_Work to complete_.
The lines from the start of the data through the line with "bacon jam in a jar with a spoon" are to be returned verbatim; all later lines are to be omitted.
*** Block opens ***
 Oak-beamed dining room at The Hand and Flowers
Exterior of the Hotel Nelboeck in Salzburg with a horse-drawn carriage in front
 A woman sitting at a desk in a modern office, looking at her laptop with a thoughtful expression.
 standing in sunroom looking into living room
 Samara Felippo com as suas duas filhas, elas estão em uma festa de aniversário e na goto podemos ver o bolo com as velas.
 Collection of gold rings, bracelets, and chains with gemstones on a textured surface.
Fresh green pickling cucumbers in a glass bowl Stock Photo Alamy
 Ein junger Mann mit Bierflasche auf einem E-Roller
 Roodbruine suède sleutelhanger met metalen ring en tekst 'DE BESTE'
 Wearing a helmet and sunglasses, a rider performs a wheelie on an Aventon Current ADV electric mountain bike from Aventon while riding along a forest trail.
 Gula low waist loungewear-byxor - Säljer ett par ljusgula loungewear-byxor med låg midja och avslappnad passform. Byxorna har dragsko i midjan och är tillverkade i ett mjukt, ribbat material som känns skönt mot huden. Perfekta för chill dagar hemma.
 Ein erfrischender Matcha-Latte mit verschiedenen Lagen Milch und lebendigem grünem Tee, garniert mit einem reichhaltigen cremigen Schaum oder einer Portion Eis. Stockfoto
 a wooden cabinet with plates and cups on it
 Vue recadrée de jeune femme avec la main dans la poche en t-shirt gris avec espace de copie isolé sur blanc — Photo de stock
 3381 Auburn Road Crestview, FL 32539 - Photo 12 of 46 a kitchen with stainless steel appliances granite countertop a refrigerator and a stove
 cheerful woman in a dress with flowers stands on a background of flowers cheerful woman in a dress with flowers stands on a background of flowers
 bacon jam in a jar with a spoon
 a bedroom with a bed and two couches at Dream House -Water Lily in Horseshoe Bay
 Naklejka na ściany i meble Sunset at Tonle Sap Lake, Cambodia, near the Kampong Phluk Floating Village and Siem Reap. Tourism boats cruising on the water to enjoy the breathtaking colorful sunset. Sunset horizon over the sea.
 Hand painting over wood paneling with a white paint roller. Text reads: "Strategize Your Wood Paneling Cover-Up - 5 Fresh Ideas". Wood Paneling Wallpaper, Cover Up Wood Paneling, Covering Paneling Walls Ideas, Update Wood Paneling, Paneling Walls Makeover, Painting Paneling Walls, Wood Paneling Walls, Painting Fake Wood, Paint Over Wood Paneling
*** Block closes ***
_Solution_.
 Oak-beamed dining room at The Hand and Flowers
Exterior of the Hotel Nelboeck in Salzburg with a horse-drawn carriage in front
 A woman sitting at a desk in a modern office, looking at her laptop with a thoughtful expression.
 standing in sunroom looking into living room
 Samara Felippo com as suas duas filhas, elas estão em uma festa de aniversário e na goto podemos ver o bolo com as velas.
 Collection of gold rings, bracelets, and chains with gemstones on a textured surface.
Fresh green pickling cucumbers in a glass bowl Stock Photo Alamy
 Ein junger Mann mit Bierflasche auf einem E-Roller
 Roodbruine suède sleutelhanger met metalen ring en tekst 'DE BESTE'
 Wearing a helmet and sunglasses, a rider performs a wheelie on an Aventon Current ADV electric mountain bike from Aventon while riding along a forest trail.
 Gula low waist loungewear-byxor - Säljer ett par ljusgula loungewear-byxor med låg midja och avslappnad passform. Byxorna har dragsko i midjan och är tillverkade i ett mjukt, ribbat material som känns skönt mot huden. Perfekta för chill dagar hemma.
 Ein erfrischender Matcha-Latte mit verschiedenen Lagen Milch und lebendigem grünem Tee, garniert mit einem reichhaltigen cremigen Schaum oder einer Portion Eis. Stockfoto
 a wooden cabinet with plates and cups on it
 Vue recadrée de jeune femme avec la main dans la poche en t-shirt gris avec espace de copie isolé sur blanc — Photo de stock
 3381 Auburn Road Crestview, FL 32539 - Photo 12 of 46 a kitchen with stainless steel appliances granite countertop a refrigerator and a stove
 cheerful woman in a dress with flowers stands on a background of flowers cheerful woman in a dress with flowers stands on a background of flowers
 bacon jam in a jar with a spoon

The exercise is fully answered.